Search code examples
scalaapache-sparkpipelinerddseq

Spark: How to transform a RDD to Seq to be used in pipeline


I want to use the implementation of pipeline in MLlib. Before, I had a RDD file and pass it to the model creation, but now to use pipeline, there should be sequence of LabeledDocument to be passed to the pipeline.

I have my RDD which is created as follows:

val data = sc.textFile("/test.csv");
val parsedData = data.map { line =>
        val parts = line.split(',')
        LabeledPoint(parts(0).toDouble, Vectors.dense(parts.tail))
        }.cache()

In the pipeline example Spark Programming Guide, the pipeline needs the following data:

// Prepare training documents, which are labeled.
val training = sparkContext.parallelize(Seq(
  LabeledDocument(0L, "a b c d e spark", 1.0),
  LabeledDocument(1L, "b d", 0.0),
  LabeledDocument(2L, "spark f g h", 1.0),
  LabeledDocument(3L, "hadoop mapreduce", 0.0),
  LabeledDocument(4L, "b spark who", 1.0),
  LabeledDocument(5L, "g d a y", 0.0),
  LabeledDocument(6L, "spark fly", 1.0),
  LabeledDocument(7L, "was mapreduce", 0.0),
  LabeledDocument(8L, "e spark program", 1.0),
  LabeledDocument(9L, "a e c l", 0.0),
  LabeledDocument(10L, "spark compile", 1.0),
  LabeledDocument(11L, "hadoop software", 0.0)))

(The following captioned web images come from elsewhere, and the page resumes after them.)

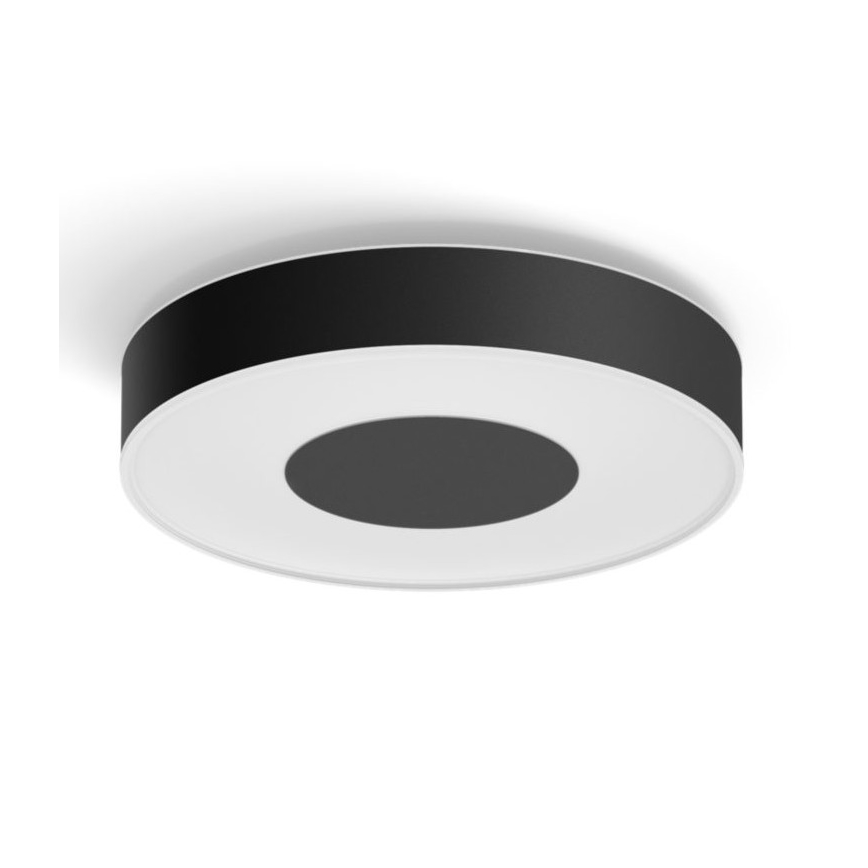 Philips - Iluminação de casa de banho LED RGBW com regulação LED/33,5W/230V IP44 d. 381 mm 2000-6500K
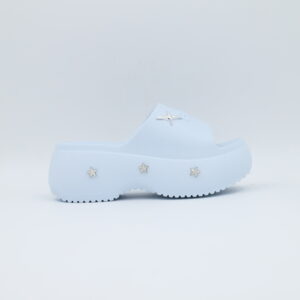 Γυναικείες Καλοκαιρινές Παντόφλες μπλε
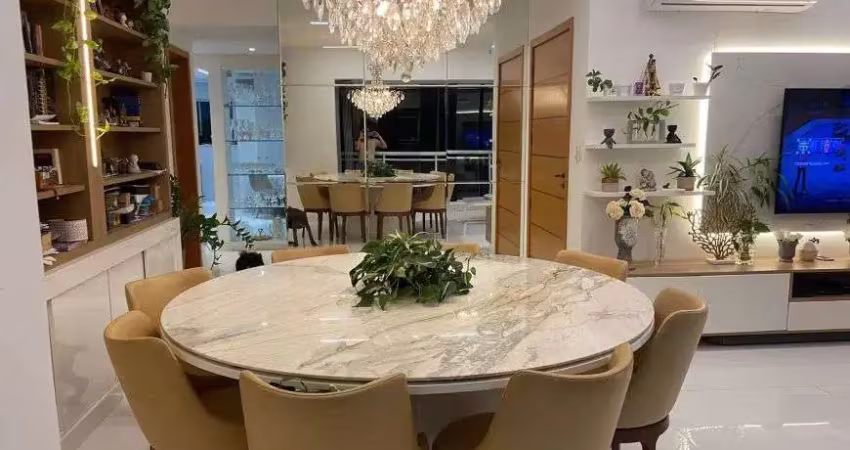 Apartamento com 3 quartos à venda na Rua João Balbi, Nazaré, Belém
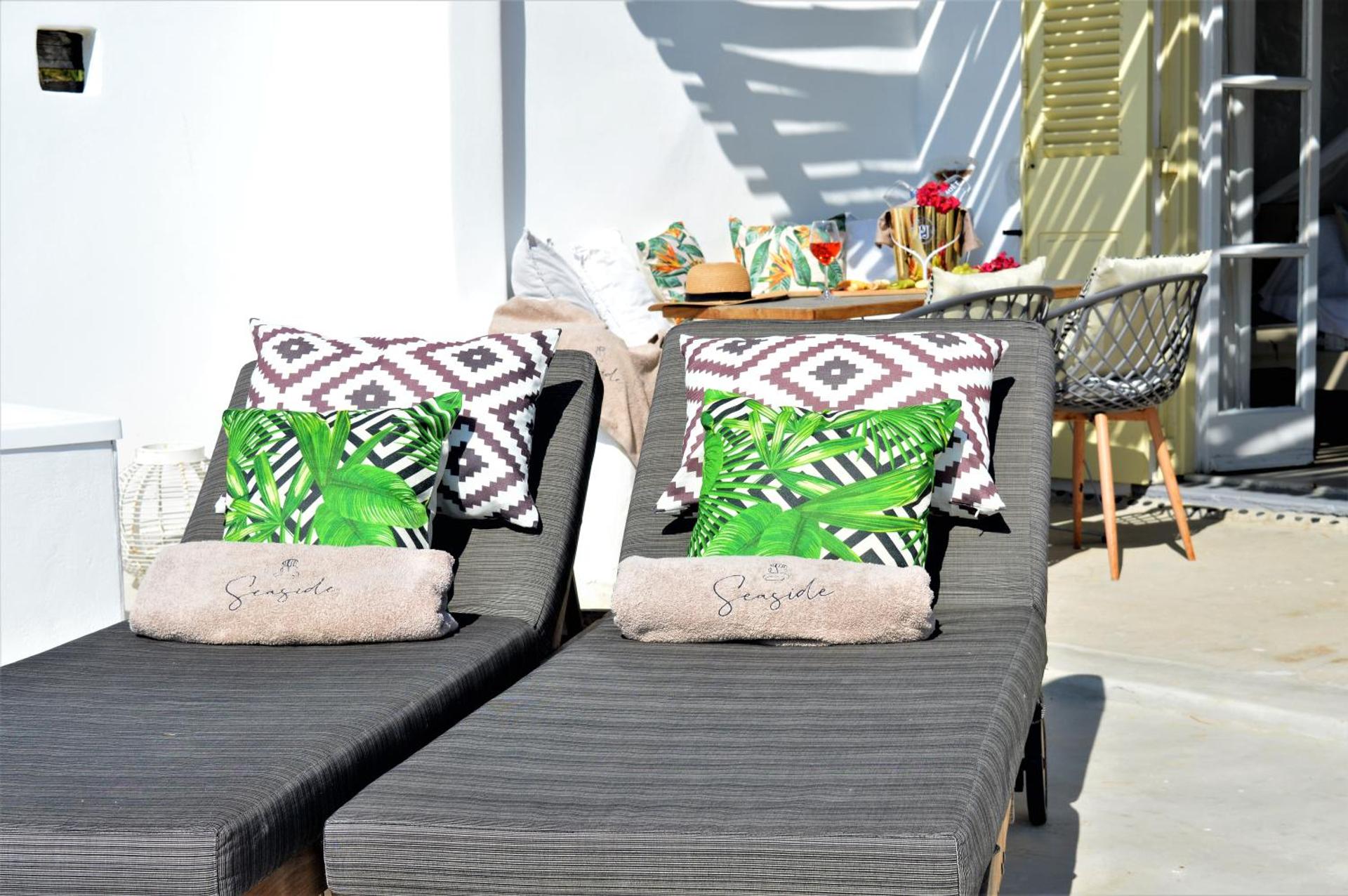 Sea Side Studios & Houses - Photo 19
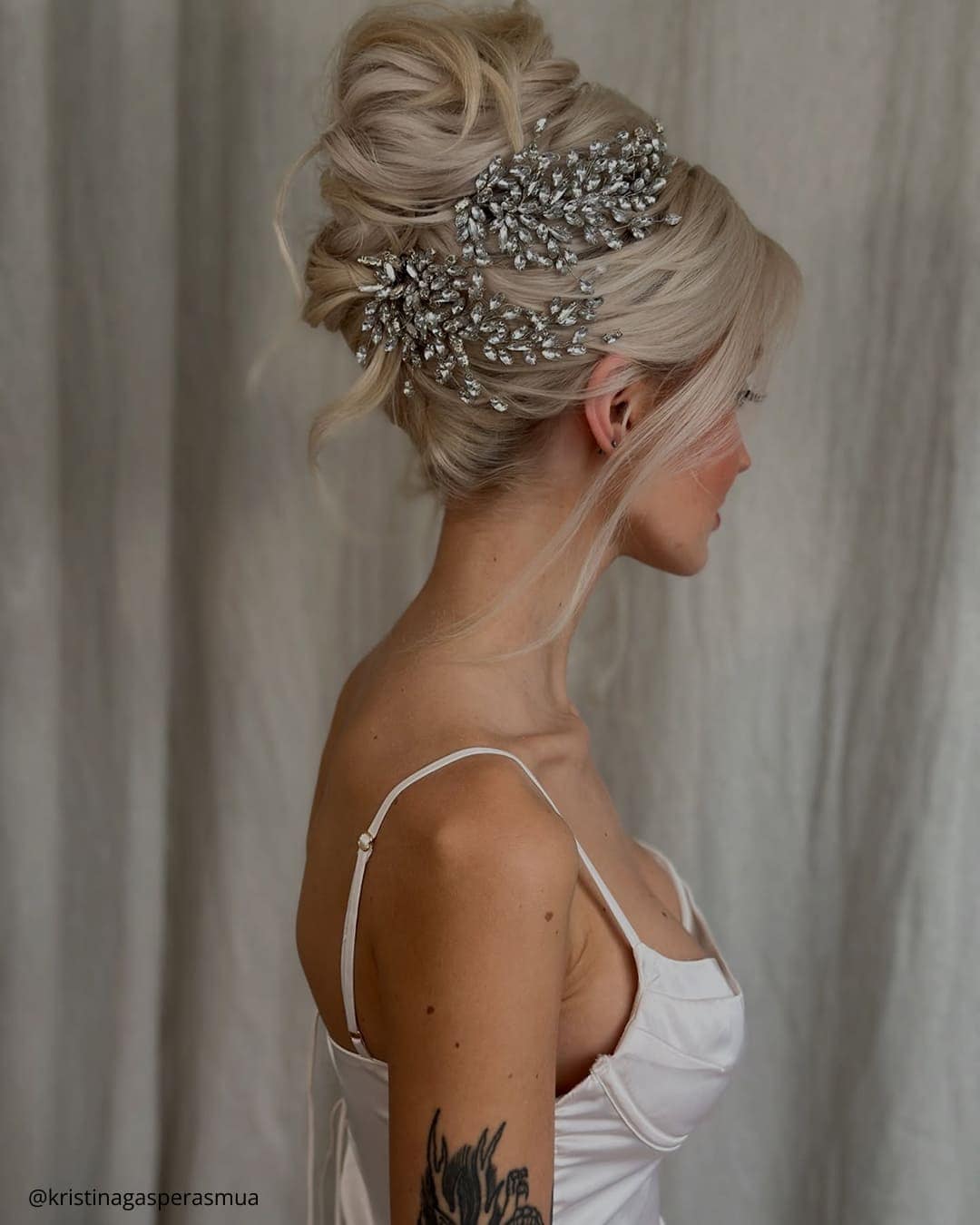 Fishtail Braid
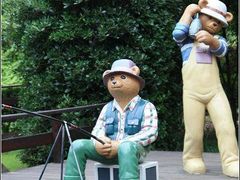 -济州岛泰迪熊博物馆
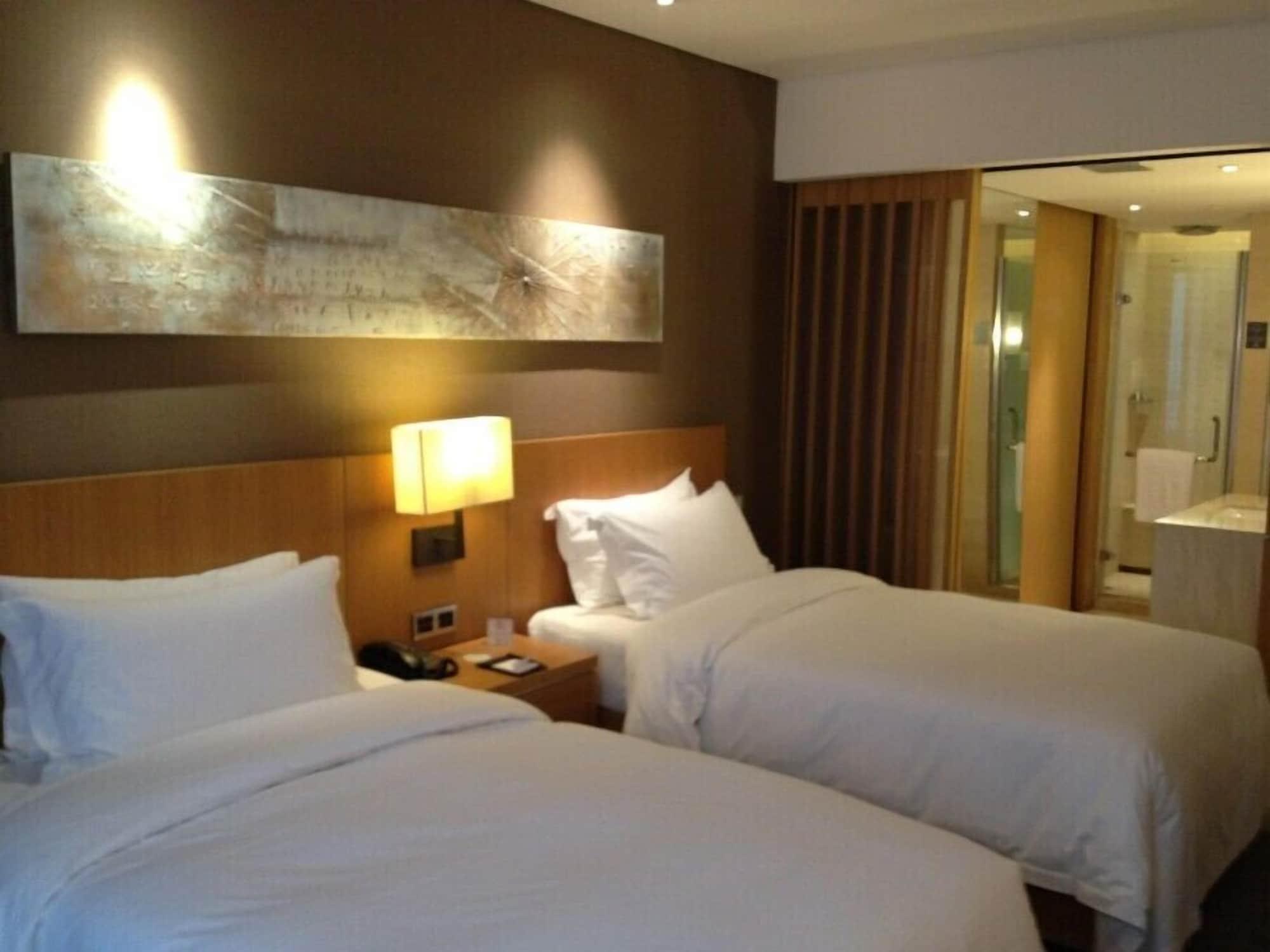Shenyang Tianfeng International Hotel Eksteriør billede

I need a way to change my RDD (parsedData) to sequence of LabeledDocuments (like training in the example).

I appreciate your help.


Solution

  • I found an answer to this question.

    I can transform my RDD (parsedData) to SchemaRDD which is a sequnce of LabeledDocuments by the following code:

    val rddSchema = parsedData.toSchemaRDD;
    

    Now the problem is changed! I want to split the new rddSchema to training (80%) and test (20%). If I use randomSplit, it returns a Array[RDD[Row]] instead of SchemaRDD.

    New problem: How to transform Array[RDD[Row]] to SchemaRDD -- OR -- how to split SchemaRDD, in which the results be SchemaRDDs?